PS1 IPP Czar Logs for the week YYYY.MM.DD - YYYY.MM.DD

(Up to PS1 IPP Czar Logs)

Monday : 2013.06.10

  • reminder @0830 power off to IfA-Manoa

Tuesday : 2013.06.11

  • RCUH holiday
  • 13:15 MEH: Serge has pointed out pstamp running slowly lately for MOPS requests, looks like pantasks running since 5/29. doing restart of pstamp and update, will see if rate back up tomorrow morning/next MOPS round
  • 18:55 MEH: also did restart of summitcopy, registration since running for while as well. stdscience probably needs to be done no later than tomorrow.

Wednesday : 2013.06.12

Bill is czar today

  • 05:50 Quite a bit of data was taken last night. 18 object exposures left to download. 95 exposures still at chip stage. Ganglia looks nominal except that network usage has a not quite uniform sawtooth pattern with period of about 5 minutes.
  • 06:12 Chip stage throughput is only 30 exposures per hour. stdscience pcontrol is spinning. Going to restart stdscience. Restarted at 06:22

Thursday : 2013.06.13

Bill is czar today

  • 05:20 disk space is getting low.

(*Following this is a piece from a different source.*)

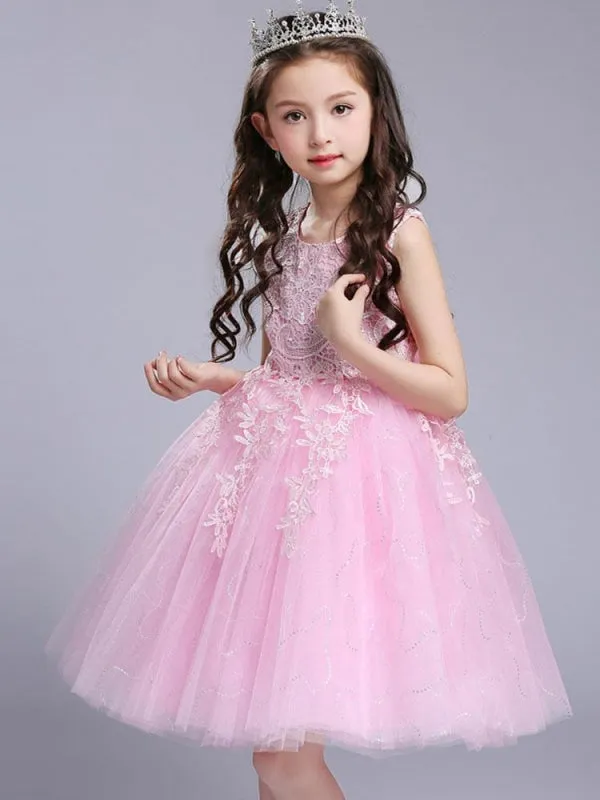 Sleeveless Flower Girl Dresses Jewel Neck Kids Party Dresses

Set ps_ud% and STS.rp.20130508 data to goto_cleaned
  • 14:00 MEH: starting the select MD09 reprocessing for MD09.refstack.2013, manually adding deepstack compute3 nodes back into stdsci
  • 19:30 MEH: stdsci chip/warp @60k jobs run and Nrun underloaded.. seems sooner than typical for regular restart.. doing before nightly starts..
  • 19:45 MEH: ippc18/home disk 36G free..
  • 21:00 MEH: never fails.. md09 reprocessing almost done and system goes belly-up... ipp057 having trouble, load >150.. neb-host down, trying to take out of processing..
    • 21:20 had to kill 5xppImage, 1x pspwarp, reducing stdsci load to it -- unclear what happened, like other wave4, mysql ~50% or more of RAM and looks like fell into 100% system CPU for something
  • 21:50 MEH: reconfiguring deepstack back to doing deep stacks only, taking 4-of-6x compute3 out of stdscience again

Friday : 2013.06.14

  • 01:00 MEH: md09 reftests faulting often in stack creation with I/O error code: 32cd.. appear to be ippc40,c44, maybe c53 often having the faults. unclear why, didn't happen with md08 in April. turning on revert in deepstack overnight, maybe most will get done eventually...
  • 11:10 MEH: suspect md09 reftest faulting is related to compute3 nodes with no local disk space left for tmp files (many need to be made for the conv process ~1-10G), ippc40 has 35M free and this is very bad..
    • compute3 ippcXX.0 mirror raid disks are being used for dvo backups, will want to switch the local tmp dir from ippcXX.0 to ippcXX.1, a larger not-mirror raid -- .0/ipp/tmp is now symlink to .1/ipp/tmp
    • stare nodes also have .0, .1 disk setup, so moving ipp/tmp to .1 with symlink to .1/ipp/tmp
    • stare03 .1 disk is not mounted, unclear why -- no change made on that system until clear .1 disk is okay (and mounted)
  • 20:40 MEH: ipp055,057,058 driven to >100 load for some reason.. 055 has mysqld at 75%, looks like they have some ippdvo running.. taking 2x out of stdscience for 055,057,058 to see if stabilizes

Saturday : 2013.06.15

Sunday : 2013.06.16